§ **Task details**:
Filter the records for lines holding the string "Services".

§ **Data for review**:
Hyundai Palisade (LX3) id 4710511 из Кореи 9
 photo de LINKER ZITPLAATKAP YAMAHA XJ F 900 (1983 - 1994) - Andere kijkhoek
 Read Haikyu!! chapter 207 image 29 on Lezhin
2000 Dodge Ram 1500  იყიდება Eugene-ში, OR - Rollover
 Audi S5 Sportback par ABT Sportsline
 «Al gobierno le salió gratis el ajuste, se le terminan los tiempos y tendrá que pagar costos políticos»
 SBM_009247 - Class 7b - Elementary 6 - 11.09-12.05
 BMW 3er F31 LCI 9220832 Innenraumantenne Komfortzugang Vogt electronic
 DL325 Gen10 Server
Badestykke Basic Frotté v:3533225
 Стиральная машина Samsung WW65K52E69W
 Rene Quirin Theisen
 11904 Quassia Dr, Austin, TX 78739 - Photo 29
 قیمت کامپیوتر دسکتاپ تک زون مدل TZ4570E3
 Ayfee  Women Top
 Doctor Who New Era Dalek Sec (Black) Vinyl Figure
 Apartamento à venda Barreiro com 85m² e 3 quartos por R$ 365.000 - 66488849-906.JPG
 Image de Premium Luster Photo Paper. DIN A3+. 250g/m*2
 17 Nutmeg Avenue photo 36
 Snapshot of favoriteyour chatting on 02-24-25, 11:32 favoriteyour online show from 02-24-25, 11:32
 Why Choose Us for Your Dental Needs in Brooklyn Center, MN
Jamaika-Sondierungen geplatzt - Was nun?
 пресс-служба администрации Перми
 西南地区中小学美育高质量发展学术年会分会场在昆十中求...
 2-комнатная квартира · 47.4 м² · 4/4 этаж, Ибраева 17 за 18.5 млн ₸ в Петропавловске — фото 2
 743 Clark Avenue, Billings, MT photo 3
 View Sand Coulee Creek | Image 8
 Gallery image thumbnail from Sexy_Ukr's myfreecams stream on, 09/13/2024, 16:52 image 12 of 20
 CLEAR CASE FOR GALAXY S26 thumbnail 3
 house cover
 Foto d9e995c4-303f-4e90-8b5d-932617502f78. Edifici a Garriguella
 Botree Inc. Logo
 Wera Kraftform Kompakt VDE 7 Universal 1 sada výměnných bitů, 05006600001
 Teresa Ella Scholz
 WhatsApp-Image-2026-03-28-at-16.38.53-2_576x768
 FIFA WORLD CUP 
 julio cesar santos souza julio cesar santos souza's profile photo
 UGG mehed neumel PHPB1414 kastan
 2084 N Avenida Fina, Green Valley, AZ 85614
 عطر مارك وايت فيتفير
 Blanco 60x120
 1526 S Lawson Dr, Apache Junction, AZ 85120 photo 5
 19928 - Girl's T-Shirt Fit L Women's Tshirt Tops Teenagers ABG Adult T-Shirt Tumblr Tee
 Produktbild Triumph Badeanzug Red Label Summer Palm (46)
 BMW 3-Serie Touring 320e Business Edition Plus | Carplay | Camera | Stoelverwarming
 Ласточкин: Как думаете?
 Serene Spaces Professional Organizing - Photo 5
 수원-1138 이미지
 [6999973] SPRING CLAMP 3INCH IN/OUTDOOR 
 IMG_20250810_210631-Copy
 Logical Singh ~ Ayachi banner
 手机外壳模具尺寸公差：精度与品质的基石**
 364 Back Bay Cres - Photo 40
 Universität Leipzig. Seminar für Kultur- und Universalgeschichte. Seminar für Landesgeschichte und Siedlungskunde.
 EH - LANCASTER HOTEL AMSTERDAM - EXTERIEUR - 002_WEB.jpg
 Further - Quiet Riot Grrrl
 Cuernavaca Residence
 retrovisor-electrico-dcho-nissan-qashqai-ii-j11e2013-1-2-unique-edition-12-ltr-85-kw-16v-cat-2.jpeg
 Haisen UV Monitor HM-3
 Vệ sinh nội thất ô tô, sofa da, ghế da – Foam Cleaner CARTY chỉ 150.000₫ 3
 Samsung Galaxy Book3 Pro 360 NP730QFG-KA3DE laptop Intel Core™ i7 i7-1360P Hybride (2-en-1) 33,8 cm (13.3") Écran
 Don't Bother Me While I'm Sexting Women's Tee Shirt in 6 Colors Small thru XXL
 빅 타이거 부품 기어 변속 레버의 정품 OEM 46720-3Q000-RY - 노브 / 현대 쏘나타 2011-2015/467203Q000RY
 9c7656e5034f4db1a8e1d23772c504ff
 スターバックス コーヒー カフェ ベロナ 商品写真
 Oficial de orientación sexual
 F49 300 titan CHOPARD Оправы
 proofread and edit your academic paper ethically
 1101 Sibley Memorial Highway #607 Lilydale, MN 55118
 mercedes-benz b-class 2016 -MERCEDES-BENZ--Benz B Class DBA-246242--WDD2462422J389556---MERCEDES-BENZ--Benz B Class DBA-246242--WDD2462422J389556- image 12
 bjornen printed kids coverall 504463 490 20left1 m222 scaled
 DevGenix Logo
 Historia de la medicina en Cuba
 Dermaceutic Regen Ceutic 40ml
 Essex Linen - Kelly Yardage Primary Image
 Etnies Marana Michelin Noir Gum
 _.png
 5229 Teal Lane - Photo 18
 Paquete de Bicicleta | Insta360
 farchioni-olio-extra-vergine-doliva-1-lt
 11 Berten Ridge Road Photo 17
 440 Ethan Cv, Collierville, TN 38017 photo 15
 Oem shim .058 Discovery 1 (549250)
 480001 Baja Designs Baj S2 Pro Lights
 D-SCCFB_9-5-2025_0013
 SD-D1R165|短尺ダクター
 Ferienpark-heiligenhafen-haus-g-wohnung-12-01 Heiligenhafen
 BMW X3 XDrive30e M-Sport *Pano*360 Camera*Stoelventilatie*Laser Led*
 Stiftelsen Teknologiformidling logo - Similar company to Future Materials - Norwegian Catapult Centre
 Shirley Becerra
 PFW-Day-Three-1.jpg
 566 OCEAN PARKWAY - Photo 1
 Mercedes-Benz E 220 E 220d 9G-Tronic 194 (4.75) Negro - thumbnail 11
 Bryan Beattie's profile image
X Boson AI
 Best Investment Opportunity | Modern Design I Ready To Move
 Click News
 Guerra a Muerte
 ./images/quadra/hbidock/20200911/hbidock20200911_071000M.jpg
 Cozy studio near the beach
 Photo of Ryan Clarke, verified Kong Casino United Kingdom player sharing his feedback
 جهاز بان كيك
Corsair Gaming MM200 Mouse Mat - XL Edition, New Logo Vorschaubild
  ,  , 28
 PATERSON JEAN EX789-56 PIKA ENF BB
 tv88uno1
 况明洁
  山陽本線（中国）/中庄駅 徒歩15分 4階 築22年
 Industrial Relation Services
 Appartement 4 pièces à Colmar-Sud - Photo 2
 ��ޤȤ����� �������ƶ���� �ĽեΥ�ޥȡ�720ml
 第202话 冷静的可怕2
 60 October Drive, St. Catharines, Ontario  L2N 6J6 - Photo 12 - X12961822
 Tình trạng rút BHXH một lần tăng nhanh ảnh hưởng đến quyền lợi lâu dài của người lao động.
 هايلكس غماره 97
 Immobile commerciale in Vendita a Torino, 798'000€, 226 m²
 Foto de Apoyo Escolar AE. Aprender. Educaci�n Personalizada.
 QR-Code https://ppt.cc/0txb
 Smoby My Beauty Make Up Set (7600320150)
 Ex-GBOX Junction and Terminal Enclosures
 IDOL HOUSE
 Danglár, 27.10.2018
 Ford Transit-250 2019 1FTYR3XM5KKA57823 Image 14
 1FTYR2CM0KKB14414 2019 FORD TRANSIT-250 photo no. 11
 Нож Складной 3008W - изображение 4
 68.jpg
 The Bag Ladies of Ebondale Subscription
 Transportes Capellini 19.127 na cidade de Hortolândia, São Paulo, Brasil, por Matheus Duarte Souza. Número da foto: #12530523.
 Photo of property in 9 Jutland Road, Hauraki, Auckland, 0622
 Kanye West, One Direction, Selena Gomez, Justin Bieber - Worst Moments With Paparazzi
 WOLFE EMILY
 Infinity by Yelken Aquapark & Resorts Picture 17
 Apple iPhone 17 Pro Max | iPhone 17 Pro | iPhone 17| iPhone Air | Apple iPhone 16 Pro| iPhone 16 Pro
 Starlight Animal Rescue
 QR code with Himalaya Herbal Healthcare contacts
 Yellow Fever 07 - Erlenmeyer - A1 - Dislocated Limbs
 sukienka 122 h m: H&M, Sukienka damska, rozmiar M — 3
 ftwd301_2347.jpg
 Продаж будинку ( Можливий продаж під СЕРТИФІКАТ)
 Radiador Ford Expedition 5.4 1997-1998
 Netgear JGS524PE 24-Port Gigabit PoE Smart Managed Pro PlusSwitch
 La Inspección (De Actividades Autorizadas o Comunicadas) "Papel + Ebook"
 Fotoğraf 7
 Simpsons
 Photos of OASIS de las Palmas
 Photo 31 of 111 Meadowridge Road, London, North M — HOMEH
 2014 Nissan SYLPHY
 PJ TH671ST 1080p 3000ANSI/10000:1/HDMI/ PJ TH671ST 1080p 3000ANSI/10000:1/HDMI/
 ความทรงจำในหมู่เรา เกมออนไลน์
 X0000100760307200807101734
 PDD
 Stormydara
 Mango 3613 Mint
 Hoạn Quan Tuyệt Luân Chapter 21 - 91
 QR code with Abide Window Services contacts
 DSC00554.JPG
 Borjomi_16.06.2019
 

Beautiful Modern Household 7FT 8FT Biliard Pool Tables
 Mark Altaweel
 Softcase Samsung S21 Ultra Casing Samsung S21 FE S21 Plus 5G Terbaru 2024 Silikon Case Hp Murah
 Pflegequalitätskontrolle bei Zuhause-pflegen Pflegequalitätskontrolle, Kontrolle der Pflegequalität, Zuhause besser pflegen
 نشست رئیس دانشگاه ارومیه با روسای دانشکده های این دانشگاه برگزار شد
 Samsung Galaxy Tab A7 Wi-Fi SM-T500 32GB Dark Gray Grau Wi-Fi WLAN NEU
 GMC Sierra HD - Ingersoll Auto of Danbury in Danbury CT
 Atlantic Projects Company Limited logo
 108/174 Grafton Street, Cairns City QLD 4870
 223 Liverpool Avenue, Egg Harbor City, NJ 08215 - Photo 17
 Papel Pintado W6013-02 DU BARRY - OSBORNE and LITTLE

§ **Solution to this problem**:
 Industrial Relation Services
 QR code with Abide Window Services contacts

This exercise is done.